Kaeritha nodded and bent her head in the slightest of bows. She straightened, rested the heel of her right hand lightly on the hilt of one of her swords, and opened her mouth to speak again.

But before she could say a word, she felt a vast, powerful presence strike out at her. It slammed over her like a tidal wave, crushing as an earthquake, liquid and yet thicker and stronger than mortar or cement. It wrapped a crushing cocoon about her, reaching out to seize her and hold her motionless, and her eyes snapped wide.

"I don't know what you intended to say, Champion," that soprano voice said, and now it was colder than a Vonderland winter and sibilant menace seemed to hiss in its depths. "It doesn't matter, though." The Voice laughed, the sound like fragments of glass shattering on a stone floor, and shook her head. "The arrogance of you 'champions'! Each of you so confident he or she will be protected and guided and warded from harm! Until, of course, the time comes for someone like your master to discard you."

Kaeritha felt the power behind the Voice pressing upon her own vocal cords to silence her, and said nothing. She only gazed at the Voice, standing motionless in the clinging web of Dark power, and the Voice laughed again and stood.

"I suppose it's possible you truly have found a way to interfere with my plans here, little champion. If so, that will be more than a mere inconvenience. You see? I admit it. Yet it isn't something I haven't planned against and allowed for all along. The time had to come when someone would begin to suspect my Mistress was playing Her little games here in Quaysar. But, oh, Dame Kaeritha , the damage I've done to your precious war maids and their kingdom first! But perhaps you'd care to dispute that with me?"

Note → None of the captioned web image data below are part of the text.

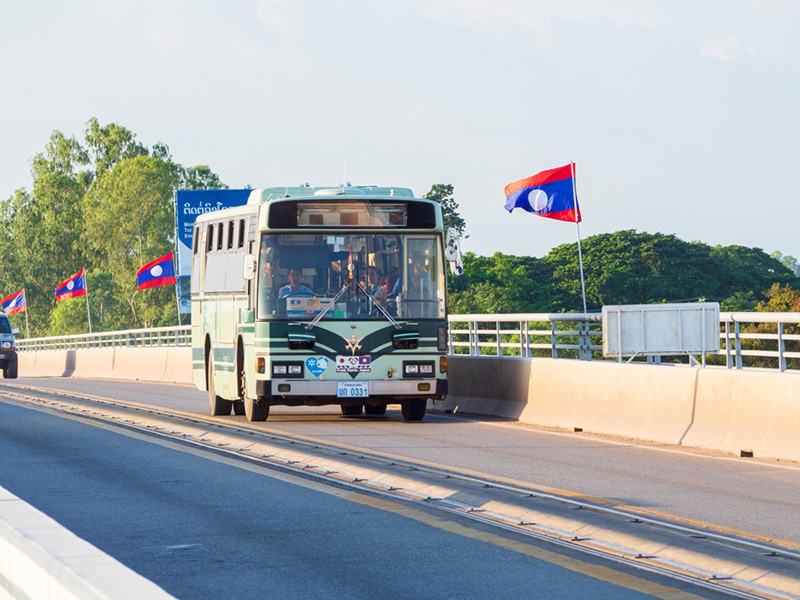 นั่งรถไฟไปลาว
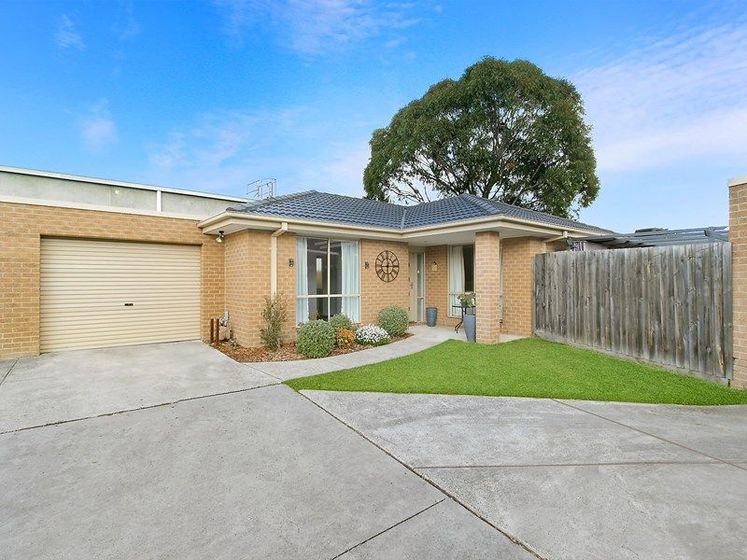 3 7 Garden Street Kilsyth Vic 3137 House For Sale Allhomes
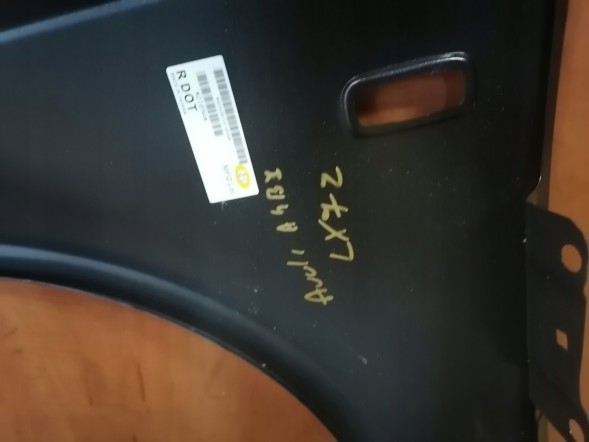 Polcar AUDI A4 B7 BŁOTNIK PRAWY PRZÓD LX7Z MASA ANTYKOROZYJNA AUDI A4 B7 БРИЗКОВИК ПРАВИЙ ПЕРЕДНІЙ LX7Z АНТИКОРОЗІЙНА МАСА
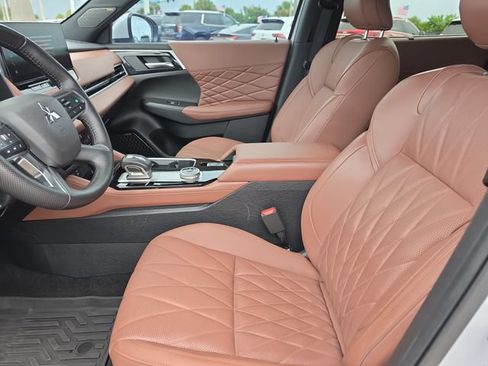 Used 2025 Mitsubishi Outlander SEL FWD image 16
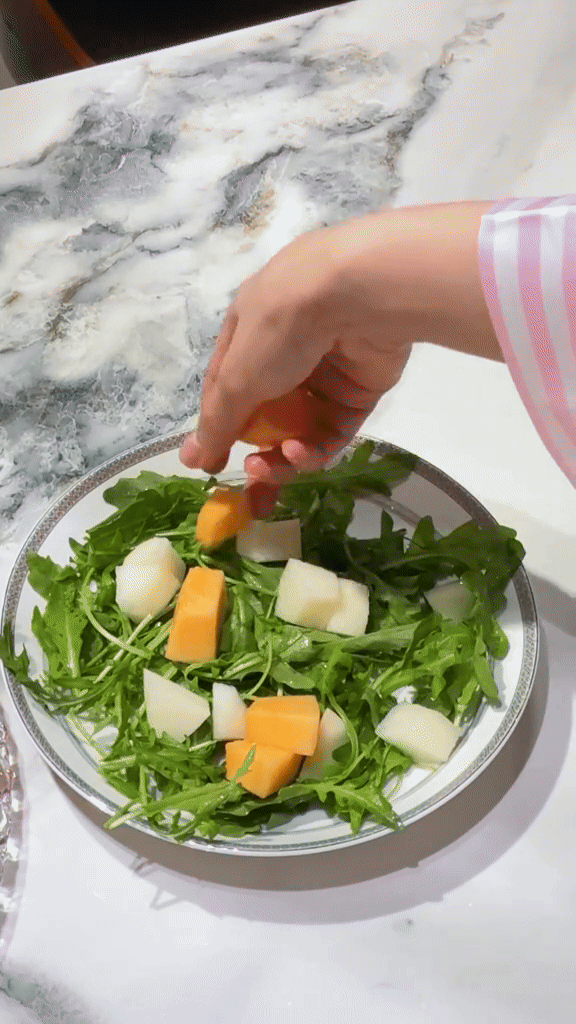 Đỗ Hà bị Viết Vương giật spotlight, đu trend làm salad nhưng dân mạng chỉ chú ý đến điều này- Ảnh 2. Đỗ Hà bị Viết Vương giật spotlight, đu trend làm salad nhưng dân mạng chỉ chú ý đến điều này- Ảnh 2.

She made a small gesture, and Kaeritha felt the pressure on her vocal cords vanish.

"You had something you'd care to say?" the Voice mocked her.

"They aren't my 'precious war maids,' " Kaeritha said after a moment, and even she was vaguely surprised by how calm and steady her voice sounded. "And you're scarcely the first to try to do them ill. Some of the damage you've inflicted will stick, no doubt. I admit that. But damage can be healed, and Tomanâk -" it seemed to her that the Voice flinched ever so slightly at that name "-is the God of Truth, as well as Justice and War. And the truth is always the bane of the Dark, is it not, O 'Voice'?"

"So you truly think these stone-skulled Sothōii will actually believe a word of it? Or that the war maids themselves will believe it?" The Voice laughed yet again. "I think not, little champion. My plans go too deep and my web is too broad for that. I've touched and . . . convinced too many people-like that pathetic little puppet Lanitha, who believes Lillinara Herself commanded her to help safeguard my minor alterations so the war maids get what should have been theirs to begin with. Or those angry little war maids, each so eager to 'avenge' herself for all those real and imagined wrongs. Or your darling Yalith and her Council, who don't even remember that their documents used to say anything else. As you yourself told their fool of an archivist, those who already hate and despise the war maids-those like Trisu-will never believe that they didn't forge the 'original documents' at Kalatha. And the war maids won't believe they're forgeries either. Not after all my careful spadework. And not without a champion of Tomanâk to attest to the legitimacy of Trisu's copies . . . and to explain how Kalatha's come to have been altered without the connivance of Yalith and her Town Council. And I'm very much afraid you won't be around to tell them."